The new China Mission Center “will further strengthen our collective work on the most important geopolitical threat we face in the 21st century, an increasingly adversarial Chinese government,” CIA Director William Burns said in a statement, echoing what the veteran diplomat had said during his Senate confirmation hearings would be among his main priorities at the helm of the agency.
Other adjustments included a new Transnational and Technology Mission Center and a chief technology officer position. This second mission center will focus on issues “critical to US global competitiveness,” a senior CIA official said, including global health, economic security, climate change and technology.
The CIA’s mission centers integrate key functions of operations and analysis, says former CIA China analyst Rodney Faraon, pointing to other key mission centers like counterterrorism and counterintelligence.
“The idea is that the closer they work together, with more communication and collaboration, the better the outcomes for collection and intelligence production. Better targeting of assets, better insight into human sourcing,” says Faraon, who also served on the presidential daily briefing team.
The two mission centers naturally overlap, since “the main area of competition with China is technology,” the official added. “It’s about innovation and making sure we’re staying apace with the revolution in technology.”

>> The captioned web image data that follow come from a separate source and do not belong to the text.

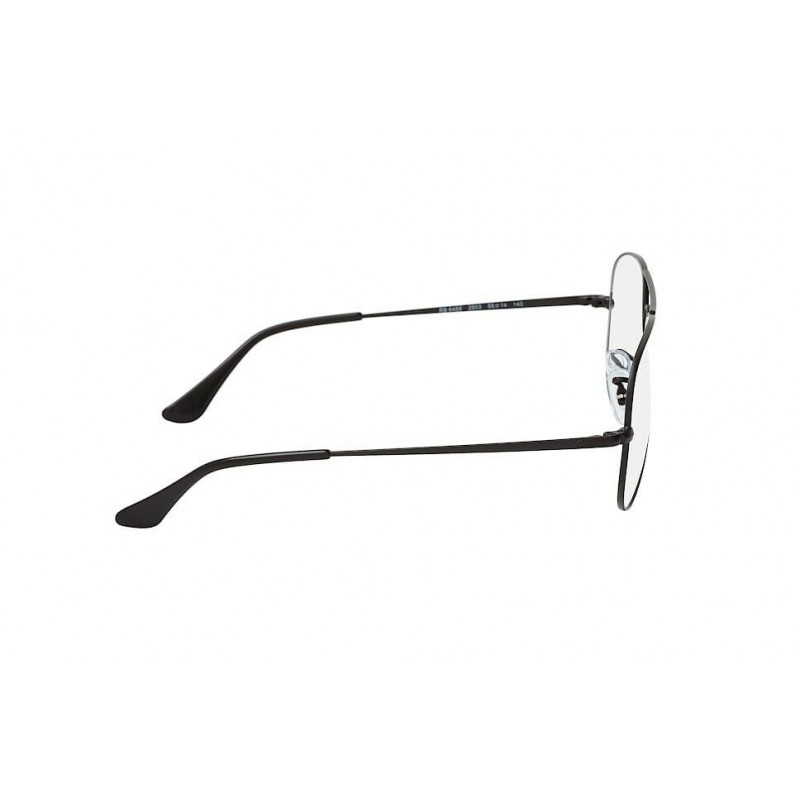 Lentes de sol Ray Ban Oftalmico Rb6489 2503 Aviator Negro Gota Original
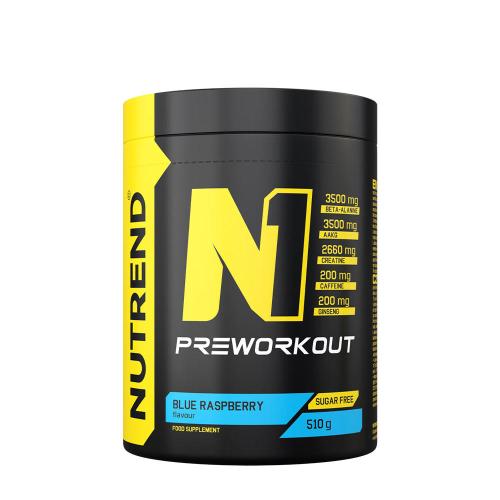 Nutrend N1 Preworkout (510 g, Zmeură Albastră)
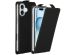 Accezz Flipcase iPhone 16 Plus - Zwart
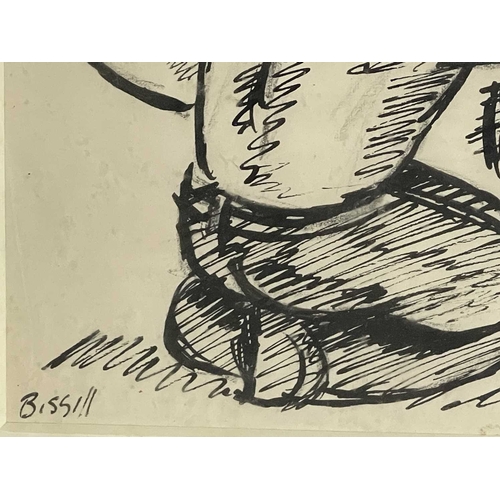 355 - George William Bissill (British, 1896-1973), 'Miner', circa 1930, signed l.l., titled verso, ink on ... 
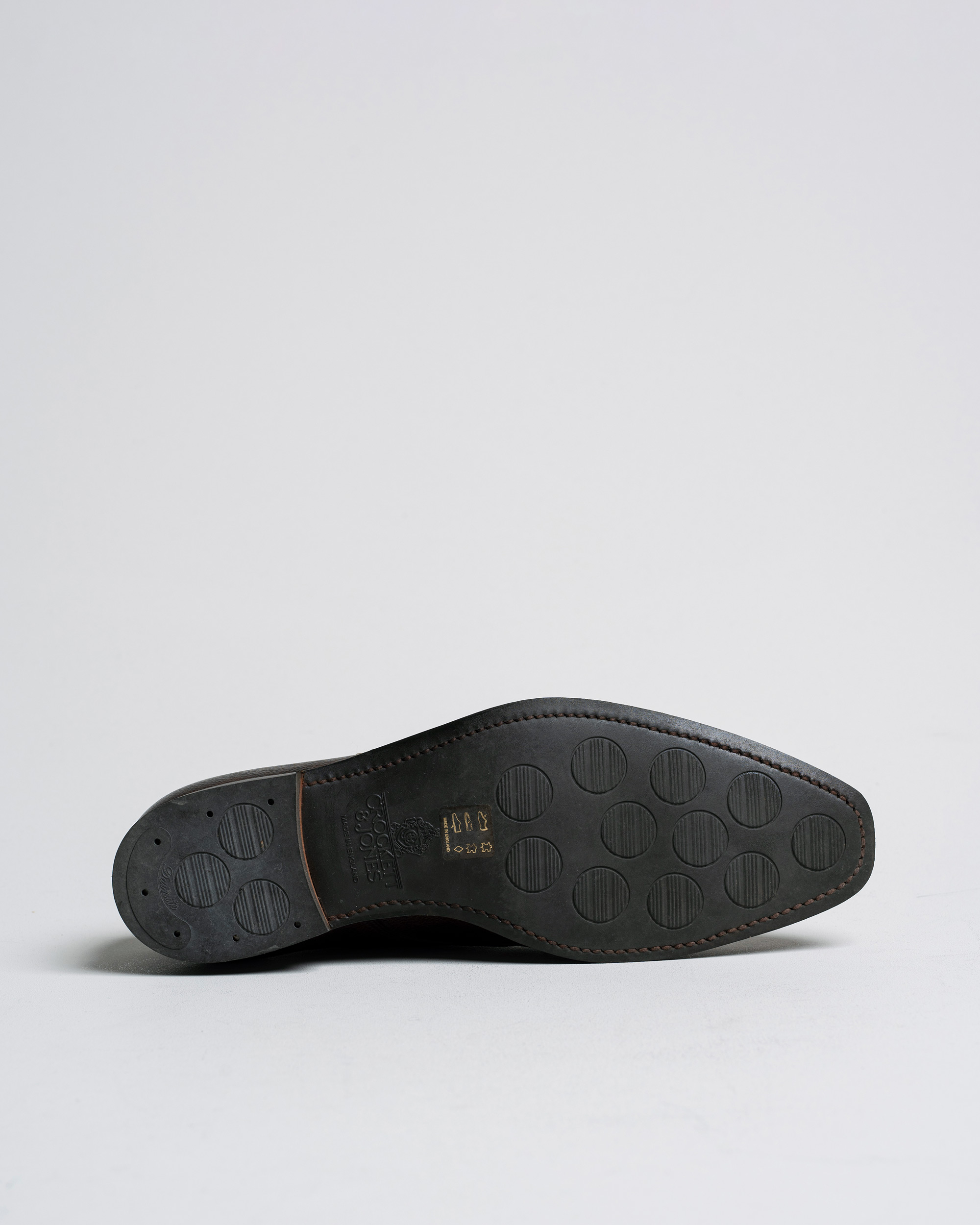 Uomini | Crockett & Jones Lowndes Monkstrap City Sole Dark Brown Calf UK8,5 - EU42,5 | Pre-owned | Crockett & Jones Lowndes Monkstrap City Sole Dark Brown Calf UK8,5 - EU42,5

At the same time, two other traditionally high-priority areas will no longer be standalone but rather part of their regions: The Iran and Korea mission centers will be folded into the Near East Mission Center and the East Asia and Pacific center, respectively. The Korea Mission Center had been created in 2017 to respond to the nuclear and missile threats from North Korea.
“That really reflects the regional nature of those issues in a lot of ways,” the senior CIA official said, while “China is really global.”
The official declined to say who would lead the two new mission centers. The CIA statement said Deputy Director David Cohen would oversee implementation.
“Folding in the other missions into bigger centers is probably a function of resourcing and bureaucratic convenience. It doesn’t mean that the issues are less important,” said Faraon. “But elevating China and [Technology] does indicate increased importance. It also better aligns CIA functions with counterparts at [the Departments of] State and Defense.”
Burns’ statement Thursday also reiterated the CIA’s need to diversify its ranks, an effort undertaken by leadership in both the Trump and Biden administrations (though earlier this year Trump’s first CIA director, Mike Pompeo, criticized a recent post featuring a Latina officer, saying: “We can’t afford to risk our national security to appease some liberal, woke agenda.”).
Part of that effort is accelerating the period from applying to join to being cleared to start. It has been known to take years, and the goal is to reduce that to less than a year on average, the senior official said.
The current process is “way too long,” Cohen said at a conference last month.
“One of the things that we’re doing as part of this initiative is shrinking that timeline and using technology as a way to identify people who are not going to make it through the process and get them out quickly, so we can focus our resources on the ones who we think have a chance to make it,” he continued.